WORKING DATA:
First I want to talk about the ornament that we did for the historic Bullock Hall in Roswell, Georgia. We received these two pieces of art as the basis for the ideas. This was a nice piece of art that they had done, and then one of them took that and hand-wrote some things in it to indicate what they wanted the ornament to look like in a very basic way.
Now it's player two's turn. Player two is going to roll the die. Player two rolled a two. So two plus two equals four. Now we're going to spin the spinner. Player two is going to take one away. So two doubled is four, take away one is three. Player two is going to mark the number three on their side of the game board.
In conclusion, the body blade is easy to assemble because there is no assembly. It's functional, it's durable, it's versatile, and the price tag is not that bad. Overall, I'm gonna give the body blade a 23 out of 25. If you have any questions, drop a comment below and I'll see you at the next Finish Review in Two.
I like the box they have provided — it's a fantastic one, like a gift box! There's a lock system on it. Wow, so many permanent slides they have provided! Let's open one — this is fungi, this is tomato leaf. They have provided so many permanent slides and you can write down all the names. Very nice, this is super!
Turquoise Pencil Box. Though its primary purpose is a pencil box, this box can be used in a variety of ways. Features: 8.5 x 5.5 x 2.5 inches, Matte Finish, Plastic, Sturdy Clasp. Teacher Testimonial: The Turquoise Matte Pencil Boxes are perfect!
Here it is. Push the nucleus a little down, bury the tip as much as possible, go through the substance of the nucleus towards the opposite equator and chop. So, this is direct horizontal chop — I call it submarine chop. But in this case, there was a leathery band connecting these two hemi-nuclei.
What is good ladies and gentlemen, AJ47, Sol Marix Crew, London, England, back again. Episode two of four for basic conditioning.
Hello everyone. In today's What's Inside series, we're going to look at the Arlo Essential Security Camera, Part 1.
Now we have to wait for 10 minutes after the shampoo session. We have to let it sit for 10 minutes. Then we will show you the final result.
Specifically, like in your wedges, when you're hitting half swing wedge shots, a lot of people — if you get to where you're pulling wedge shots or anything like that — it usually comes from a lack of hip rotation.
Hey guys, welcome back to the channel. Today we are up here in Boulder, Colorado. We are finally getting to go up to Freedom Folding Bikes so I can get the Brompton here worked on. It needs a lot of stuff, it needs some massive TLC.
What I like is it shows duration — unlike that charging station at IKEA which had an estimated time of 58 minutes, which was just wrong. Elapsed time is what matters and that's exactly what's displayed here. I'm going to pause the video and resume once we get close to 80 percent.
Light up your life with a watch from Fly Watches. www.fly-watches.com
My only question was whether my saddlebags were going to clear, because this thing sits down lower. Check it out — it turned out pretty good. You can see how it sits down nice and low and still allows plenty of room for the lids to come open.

INSTRUCTIONS FOR THE TASK: Reproduce every line of the listing above in which the string "look" appears.

RESPONSE BOX:
First I want to talk about the ornament that we did for the historic Bullock Hall in Roswell, Georgia. We received these two pieces of art as the basis for the ideas. This was a nice piece of art that they had done, and then one of them took that and hand-wrote some things in it to indicate what they wanted the ornament to look like in a very basic way.
Hello everyone. In today's What's Inside series, we're going to look at the Arlo Essential Security Camera, Part 1.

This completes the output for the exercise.